Make this easy lemon blueberry muffin bread and no one will guess you used a muffin mix! It tastes homemade and every bite is soft, moist, and bursting with flavor. Enjoy!
More Easy Box Mix Recipes!
If you love easy baking recipes, here are some of my other favorite ways to use boxed muffin mixes cake mixes!
- White Chocolate Raspberry Cookies use raspberry muffin mix and cream cheese to make soft cookies that taste amazing!
- You can make the Best Crumb Cake with cake mix!
- Grab a box of chocolate cake mix and make some decadent Caramel Brownies!
- If you need a quick dessert, be sure to try my Lemon Blueberry Dump Cake!
- Delicious, moist Blueberry Coffee Cake loaded with fresh blueberries bursting with flavor then drizzled in an almond icing!
Did you make this? If you snap a photo, please be sure tag me on Instagram at @julieseatsandtreats or #julieseatsandtreats so I can see your yummy treat!
Lemon Blueberry Muffin Bread
Ingredients
Blueberry Bread Ingredients
- 16.9 ounces Blueberry Muffin Mix (1 box)
- ½ cup whole milk
- ⅓ cup lemon juice
- 2 eggs beaten
- Lemon zest optional
Lemon Glaze Ingredients:
- ½ cup powdered sugar
- 2 teaspoons lemon juice
Instructions
- Preheat the oven to 350 degrees Fahrenheit.
- In a medium size mixing bowl, with a fork, mix together 1 box of blueberry muffin mix (set the blueberries aside), milk, eggs, and lemon juice.
- Drain, rinse, and dry the can of blueberries from the box of muffin mix and slowly add them to the batter.
- Line a 1.6 qt. glass loaf pan with parchment paper and pour the batter into the prepared pan.
- Bake for 40 minutes or until the center is set.
- Let the bread cool in the pan for 30 minutes. After 30 minutes, lift the parchment paper from the pan and set on a cooling rack.
- Make the glaze by combining the powdered sugar and lemon juice. Stir until smooth.
- Drizzle glaze over the bread, garnish with lemon zest (optional), and let cool for another 10-15 minutes.
Tips
-
- Room temperature: Wrap the cooled loaf with plastic wrap and it will keep well for two days.

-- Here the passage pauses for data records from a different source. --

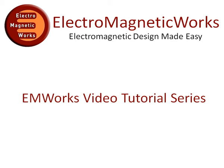Welcome to the Electromagnetic Works video tutorial series. This series is a collection of videos that will show you first-hand how accurately and how quickly you can get designs analyzed and optimized inside SOLIDWORKS.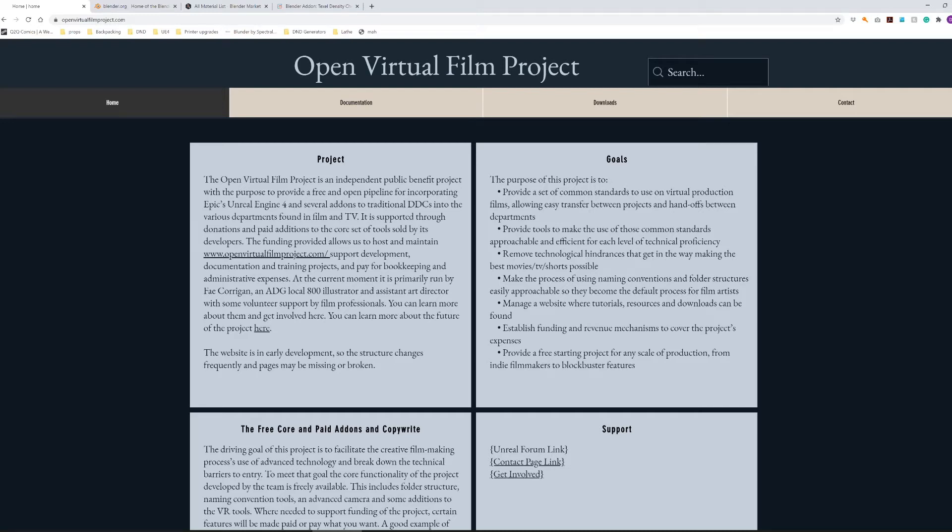Hello and welcome to the Open Virtual Film Project. In this video I'm going to be showing you how to set up the Blender Unreal Bridge on the Blender side of things.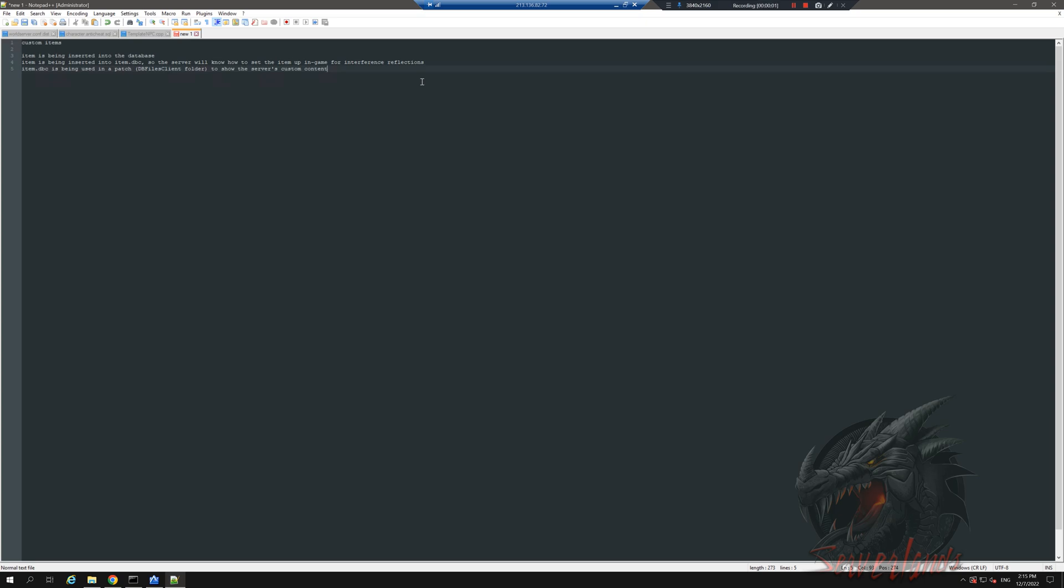Hey there guys, today we're going to create a new item. It will start with us setting the new item into the database. Later on we will get this new item from the database and insert it into item.dbc, and then we will use this item.dbc file to make a new patch to make this entire item compatible with basically any client.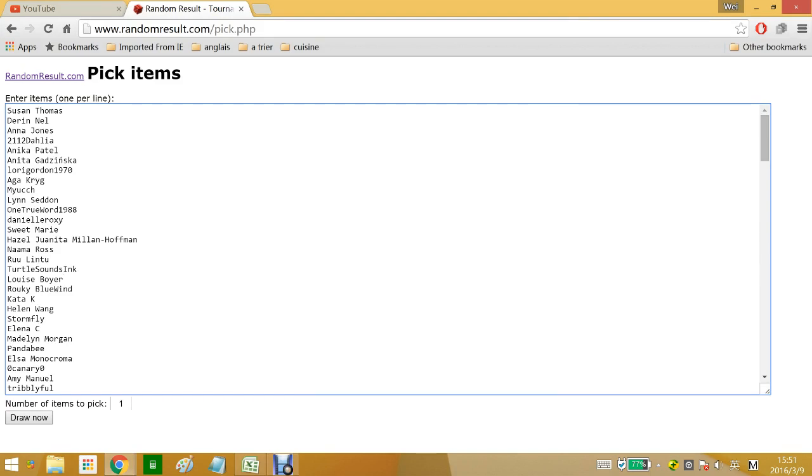Hi everyone, it's March 9th and it's time to pick out a winner for my 2k giveaway.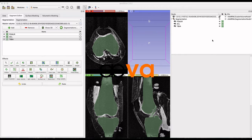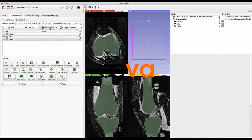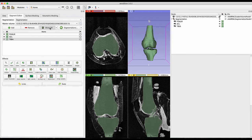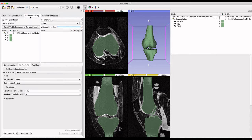This video will demonstrate how to generate triangulated surface meshes from segmentations using the surface meshing tool in AVA Slicer. Here I have imported femur, tibia, and ACL segmentations.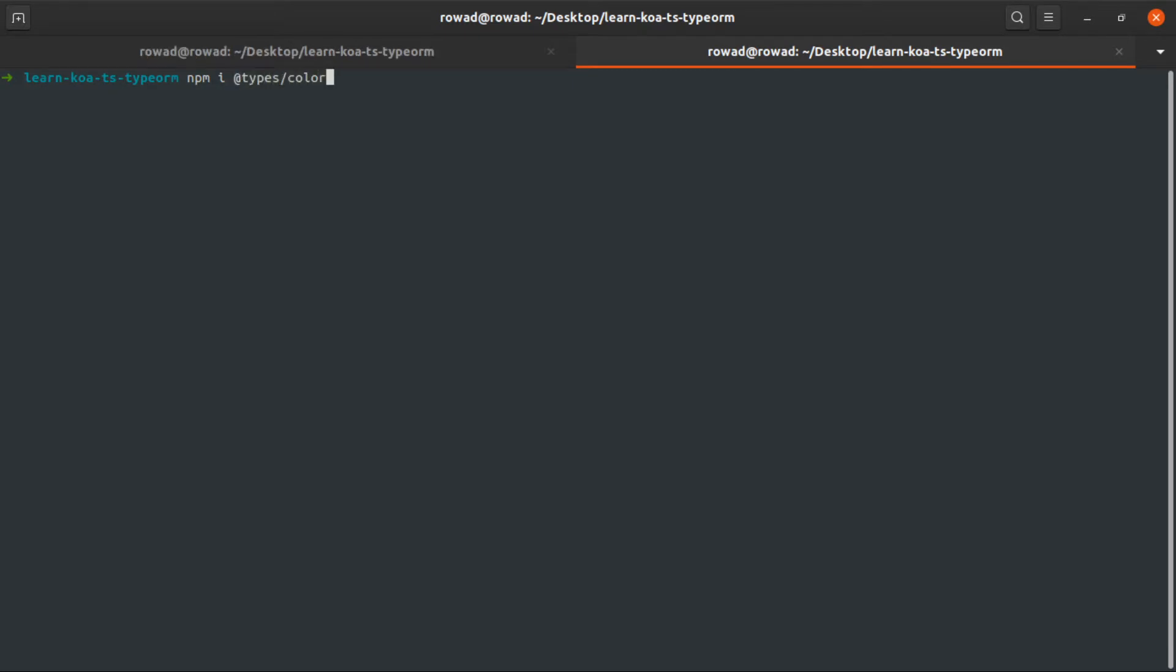So @types/colors, @types/koa, @types/koa-router, and @types/node.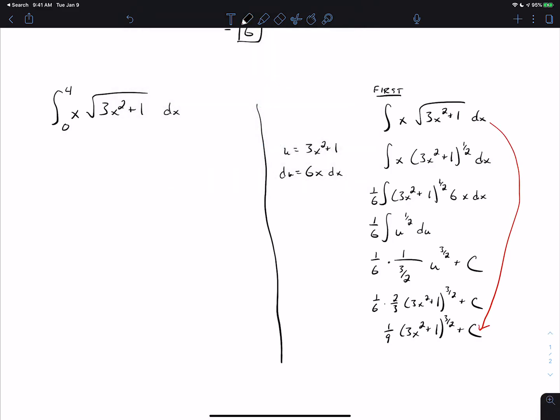All of that work is doing the side-step of finding the antiderivative. The Fundamental Theorem of Calculus says this definite integral, because the integrand is continuous from 0 to 4, equals any antiderivative. So we can use one-ninth times (3x squared plus 1) to the three-halves and choose c equals 0, meaning we don't write anything extra, and then evaluate this function from 0 to 4.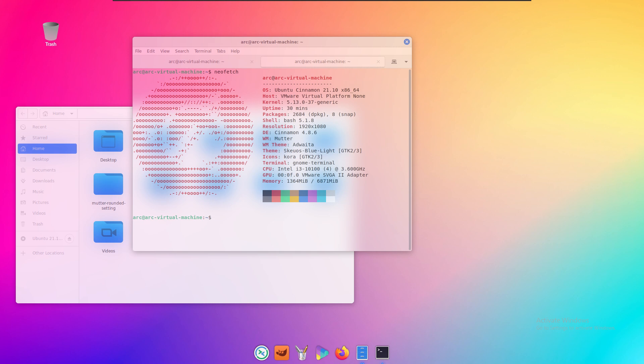Hello everybody, in this video I'm going to show you how to make your Cinnamon desktop look better with the glassmorphism effect.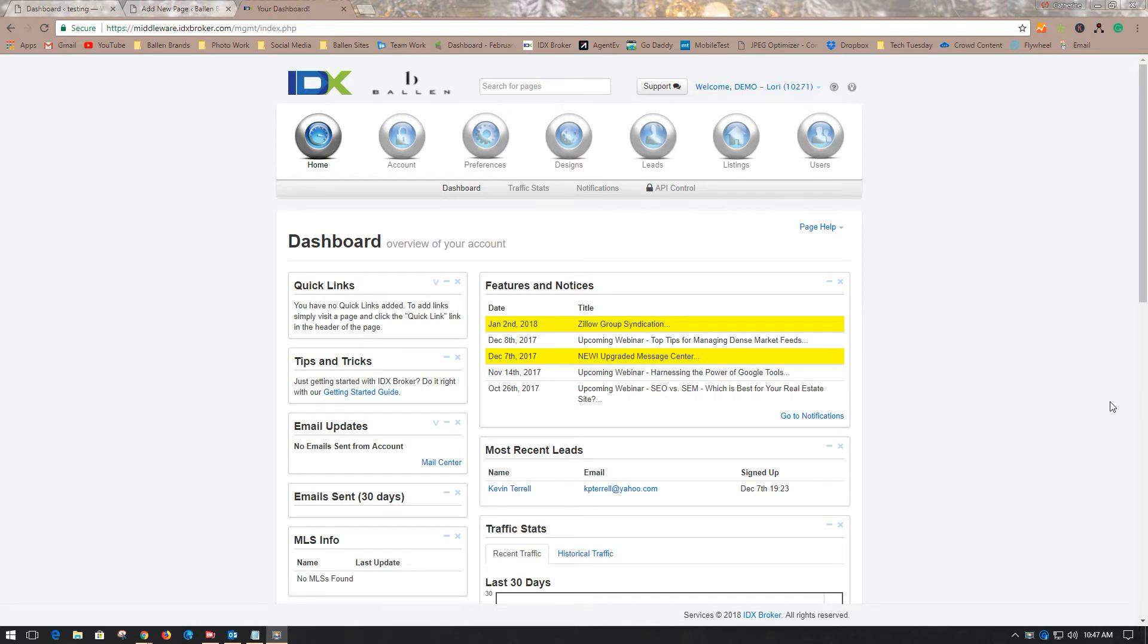Hello, this is Kathryn Chadwick with Ballen Brands. Today I'm going to show you how to create an interactive map using IDX Broker to place on your website around a specific address or listing.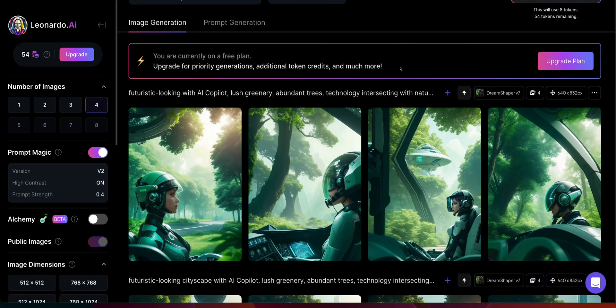Hello, hi everyone, this is Som here. I welcome everyone to the YouTube channel. In this particular video, I will be showing you how you can create an image-to-video animation absolutely free of cost, so please check out this video.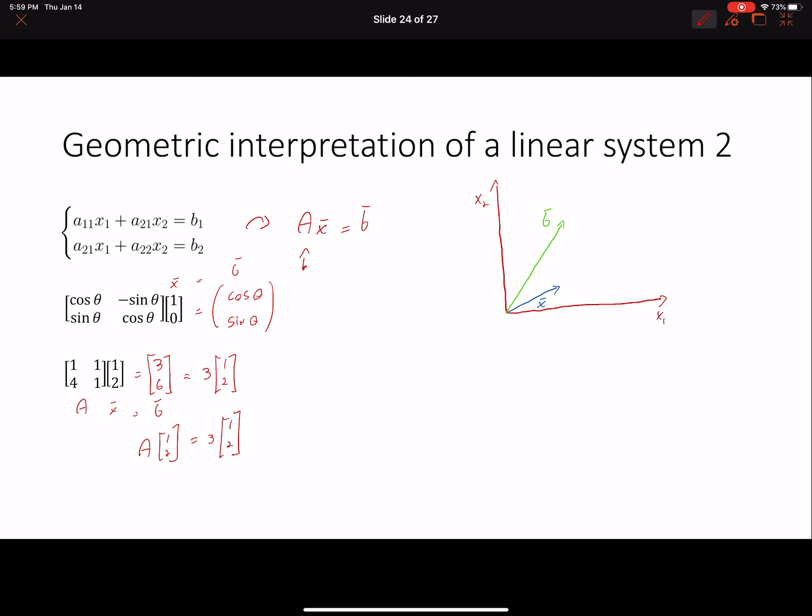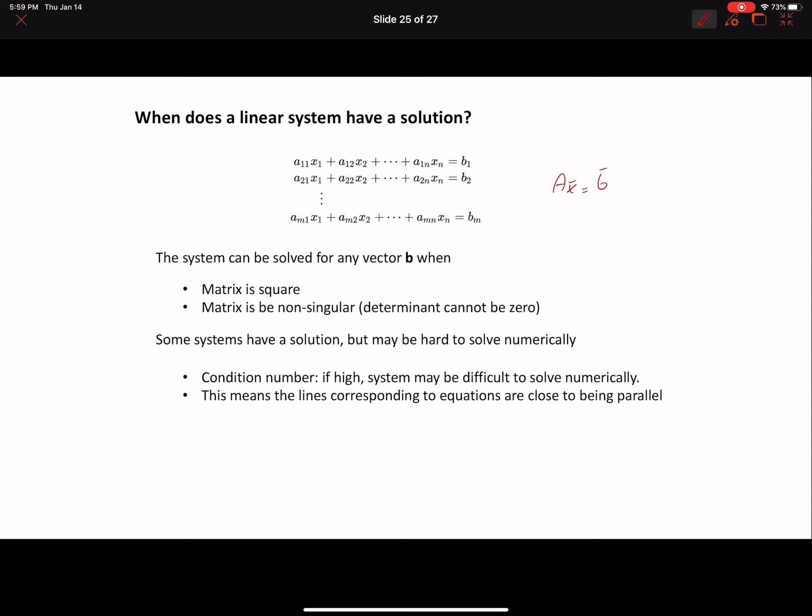Once you understand the geometric interpretation of linear systems, you can start asking: when does a linear system have a solution? A linear system, written as Ax = b, has a solution for any b if certain requirements are met. First, the matrix must be square, and second, the matrix must be non-singular — meaning the determinant of the matrix cannot be zero, which we covered a couple of videos ago.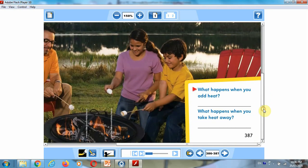When you're done, answer these questions, take a picture of your answers, and send it back to me.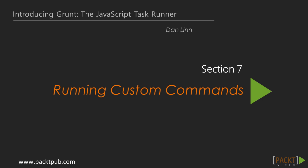Welcome back to the final section in our series, Introducing Grunt, the JavaScript Task Runner. In the last section, we talked about some different ways to make your project easy to deploy. In this section, we'll be talking about using custom commands and prompts.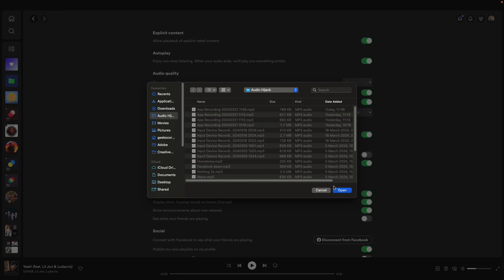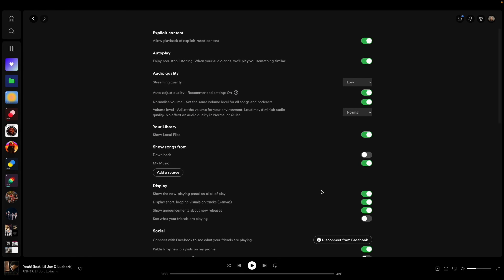You can add it all in and then you've got access to your local stored files on your Spotify playlist. I hope that helps, thanks for watching and I'll catch you on the next video.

- Refrigerator: Or, store it in the refrigerator and it will keep for a few days longer. Just make sure it’s tightly wrapped because it can dry out when it’s chilled.
- Freezer: Wrap the loaf in a few layers of plastic wrap and place it in a freezer bag. You can freeze blueberry bread for up to two months. Or, you can freeze individually wrapped slices to enjoy whenever you want a quick breakfast or snack.